This chapter focuses on the treatment of stage II breast cancer, which encompasses primary tumors > 2 cm in greatest dimension that involve ipsilateral axillary lymph nodes as well as tumors up to 5 cm without nodal involvement.
Stage II breast cancer is further subdivided into stages IIA and IIB. Patients classified as having stage IIA breast cancer include those with T0–1, N1, and T2, N0 disease. Stage IIB breast cancer includes patients with T2, N1, and T3, N0 disease. Therefore, this patient population is more heterogeneous than are the populations with stages 0 and I disease. The pretreatment evaluation and type of treatment offered to patients with stage II breast cancer are based on tumor size, nodal status, and status of receptors for estrogen and v-erb-b2 erythroblastic leukemia viral oncogene homolog 2, neuro/glioblastoma derived oncogene homolog (avian; ErbB2), also known as human epidermal growth factor receptor type 2 (HER2/neu).
Treatment
Surgical and radiation treatment
Multiple studies have demonstrated that patients with stage II breast cancer who are treated with either breast-conservation therapy (lumpectomy and radiation therapy) or modified radical mastectomy have similar disease-free and overall survival rates.

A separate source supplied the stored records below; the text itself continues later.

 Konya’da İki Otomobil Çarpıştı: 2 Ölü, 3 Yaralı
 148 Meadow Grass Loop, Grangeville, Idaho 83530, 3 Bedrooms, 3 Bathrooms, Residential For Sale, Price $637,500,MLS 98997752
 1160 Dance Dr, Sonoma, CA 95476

Breast-conservation therapy
The optimal extent of local surgery has yet to be determined and, in the literature, has ranged from excisional biopsy to quadrantectomy. A consensus statement issued by the NCI recommended that the breast cancer be completely excised with negative surgical margins and that a level I–II axillary lymph node dissection be performed. Patients should subsequently be treated with adjuvant breast irradiation.
Patients with tumors > 4 to 5 cm may not be optimal candidates for breast conservation due to the risk of significant residual tumor burden and the potential for a poor cosmetic result following lumpectomy (or partial mastectomy). Neoadjuvant chemotherapy, typically used for locally advanced breast cancer, is increasingly used in earlier stage, operable breast cancers to reduce the size of the primary tumor and allow conservative treatment.

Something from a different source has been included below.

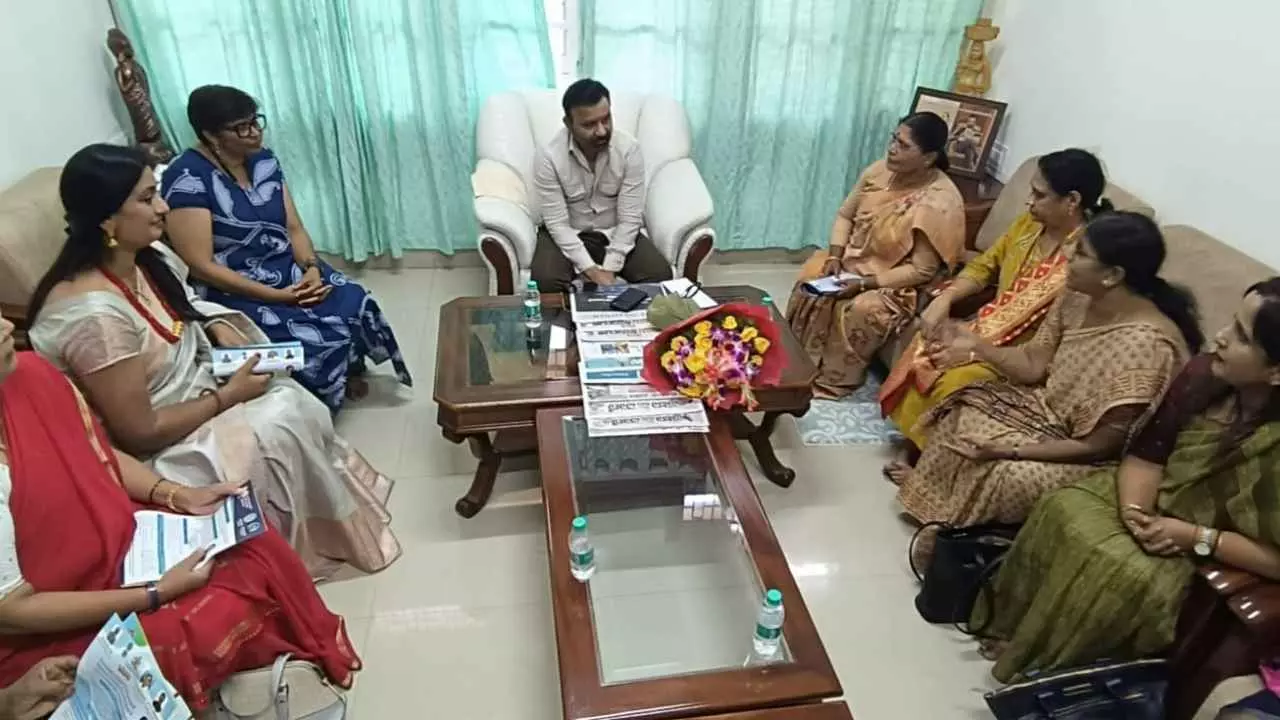 ಮುಟ್ಟಿನ ರಜೆ: ವರ್ಷಕ್ಕೆ 6 ದಿನ ನೀಡಲು ಸಮಿತಿ ಶಿಫಾರಸು, ಸರ್ಕಾರದ ಇಲಾಖೆಗಳಲ್ಲಿ ಭಿನ್ನಮತ ಮುಟ್ಟಿನ ರಜೆ: ವರ್ಷಕ್ಕೆ 6 ದಿನ ನೀಡಲು ಸಮಿತಿ ಶಿಫಾರಸು, ಸರ್ಕಾರದ ಇಲಾಖೆಗಳಲ್ಲಿ ಭಿನ್ನಮತ
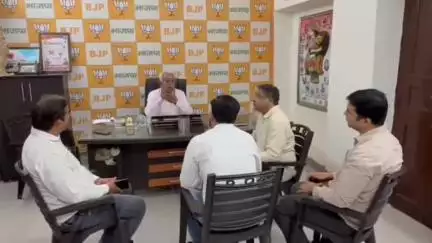 जगाधरी: विधायक ने बिजली कटौती पर बिजली विभाग के अधिकारियों के साथ अपने कार्यालय में की बैठक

In a study of more than 300 patients treated with neoadjuvant chemotherapy at the M. D. Anderson Cancer Center, promising results were reported. At a median follow-up of 60 months, the 5-year actuarial rates of ipsilateral breast tumor recurrence-free and locoregional recurrence-free survival were 95% and 91%, respectively. The authors concluded that breast-conservation therapy after neoadjuvant chemotherapy results in acceptably low rates of recurrence-free survival in appropriately selected patients, even those with T3 or T4 disease. Advanced nodal involvement at diagnosis, residual tumor larger than 2 cm, multifocal residual disease, and lymphovascular space invasion predict higher rates of recurrence.
In some patients, preoperative chemotherapy produces a sufficient reduction in tumor response that allows patients to receive breast-conserving therapy. The NSABP B-18 trial showed that preoperative doxorubicin-based chemotherapy decreases tumor size by > 50% in approximately 90% of operable breast cancers, resulting in a greater frequency of lumpectomy.

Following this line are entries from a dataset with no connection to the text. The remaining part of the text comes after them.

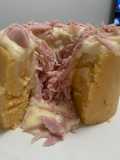 Volcán de patata con lava de queso y virutas de jamón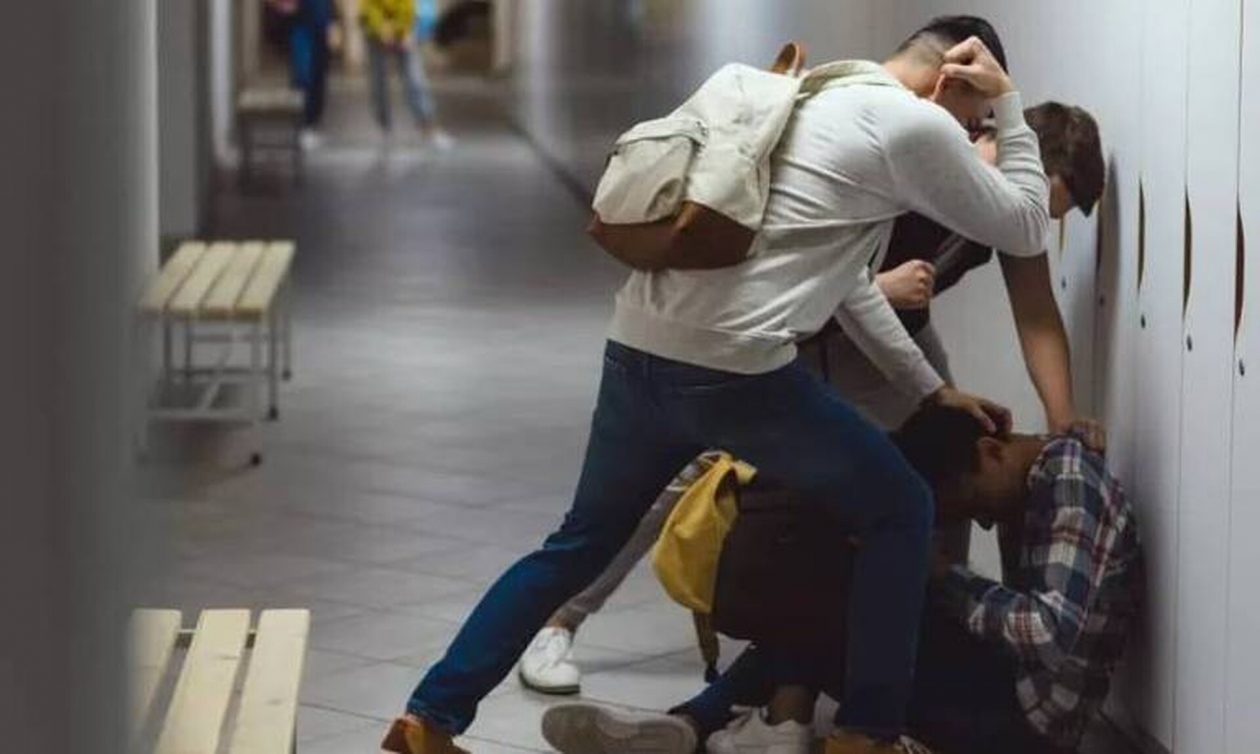 Ανήλικοι «ξυλοκόπησαν» 16χρονο στην Πάτρα – Μεταφέρθηκε με «σοβαρά» τραύματα σε νοσοκομείο της Αθήνας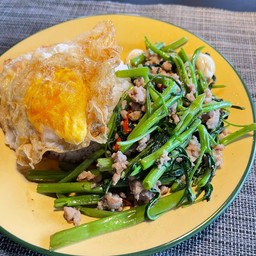 ข้าวผัดผักบุ้งหมูสับ(ไม่รวมไข่)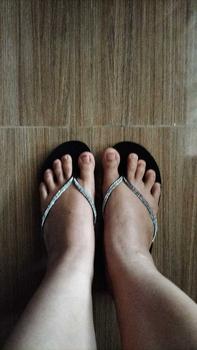 Product Review of Ando Sandal Wedges Jepit Wanita - Ando Nice Blink Hitam from A**e 1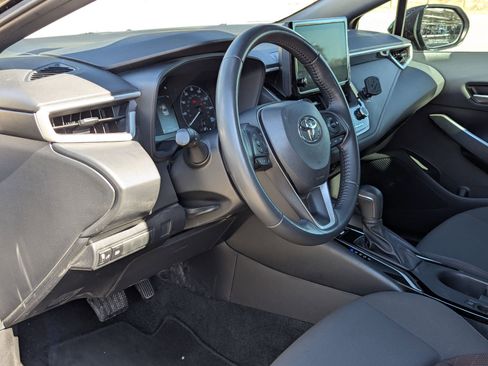 Used 2023 Toyota Corolla SE image 12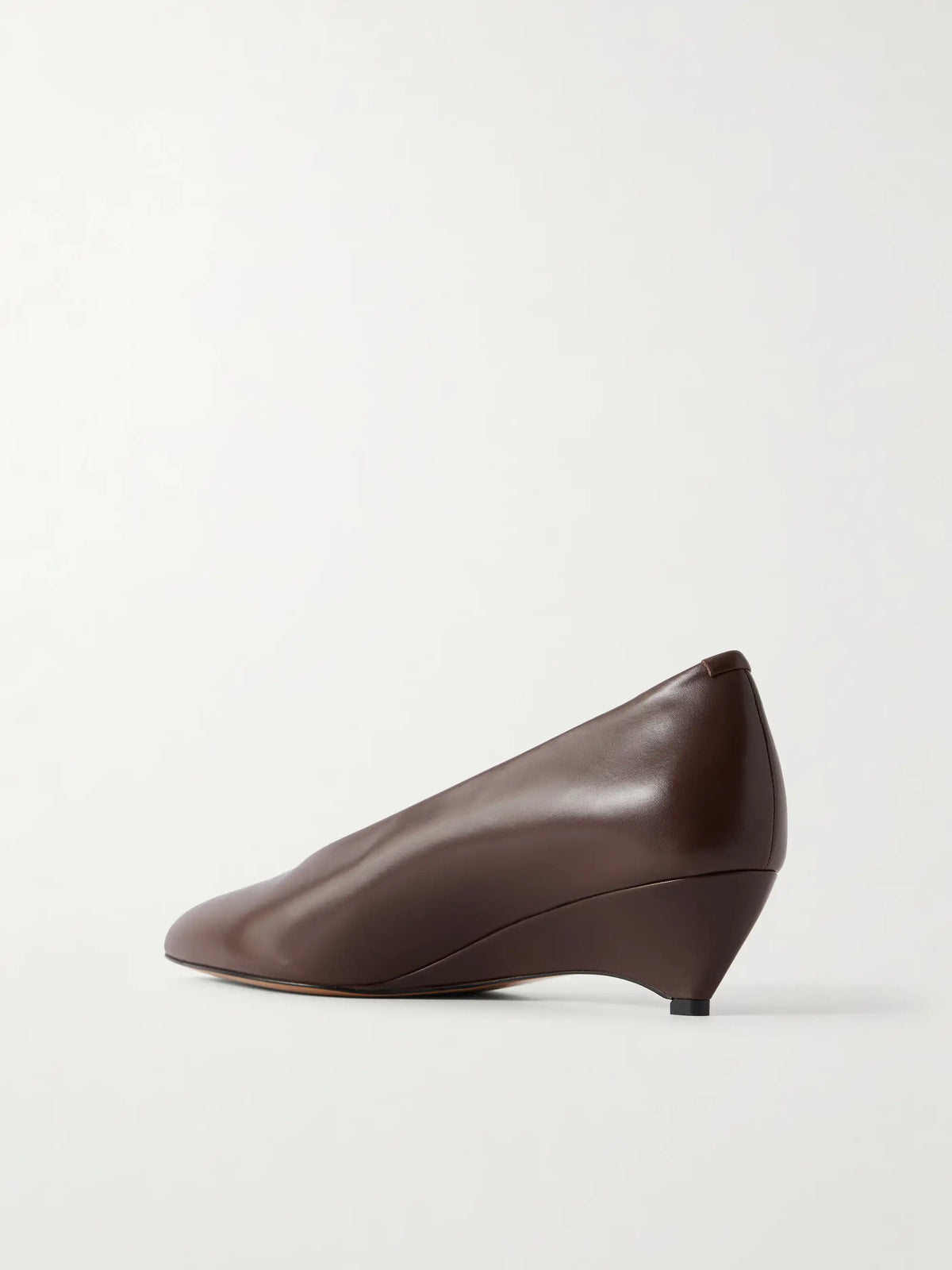 Arc Leather Pumps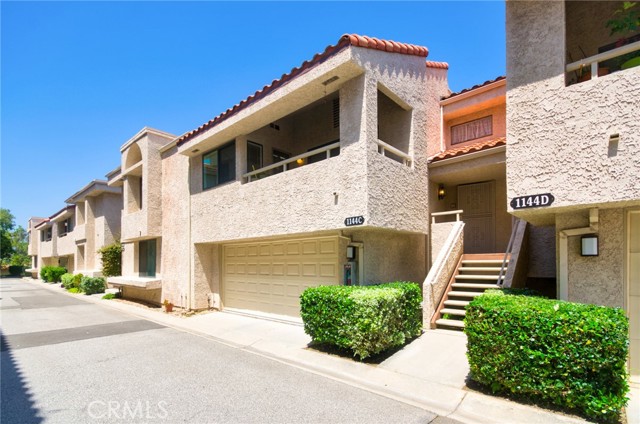 Detail Gallery Image 5 of 22 For 1144 Walnut Grove Ave #C,  Rosemead,  CA 91770 - 2 Beds | 3 Baths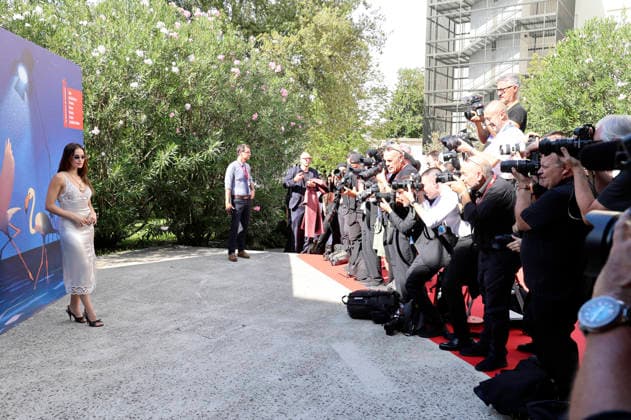 Emilia Schüle bei der Premiere des Kinofilms Das Mädchen mit der Leica La ragazza con la Leica The Girl with the Leica auf der Biennale di Venezia 2023 83. Internationale Filmfestspiele von Venedig im Sala Darsena. Venedig, 02.09.2026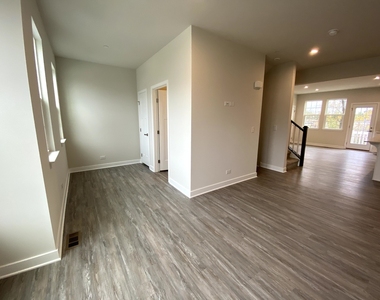 772 Weller Drive - Photo Thumbnail 9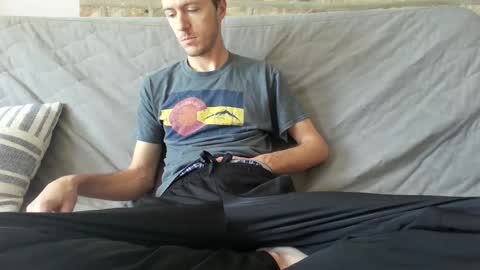 Felt like showing off online show from November 3, 2025, 4:30 pm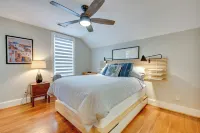 Welcoming Norcross Cottage w/ Deck + Shared Grill! - 3 tähden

In a subsequent trial, NSABP B-27, women with invasive breast cancer were randomized to receive 4 cycles of preoperative AC (Adriamycin [doxorubicin] and cyclophosphamide) chemotherapy followed by surgery or 4 cycles of preoperative AC followed by 4 cycles of docetaxel (Taxotere) followed by surgery or 4 cycles of preoperative AC followed by surgery followed by 4 cycles of postoperative docetaxel. A higher rate of complete pathologic response was seen at surgery in patients treated with AC followed by docetaxel versus AC alone. There were no significant differences in disease-free and overall survival between the treatment groups. However, those who had a complete pathologic response in the breast had significant improvement in disease-free (hazard ratio [HR] = 0.45; P < .0001) and overall survival (HR = 0.33; P < .0001) when compared with those with residual disease after preoperative chemotherapy. Since preoperative chemotherapy does not have a negative impact on survival, the preoperative approach is a reasonable option and has gained favor among many patients.
Preoperative chemotherapy had an ability to convert patients requiring mastectomy to candidates for breast-conserving surgery. However, there was an increase in local recurrence in the “converted” group compared with those deemed eligibile initially for breast-conserving surgery.
Patients undergoing sentinel lymph node biopsy
The timing of sentinel node biopsy in patients undergoing preoperative chemotherapy is controversial. Preoperative chemotherapy can sterilize the axillary nodes and lead to errors in determining nodal involvement. Formal studies are required to determine whether sentinel node biopsy can be safely performed after the patient has completed neoadjuvant chemotherapy.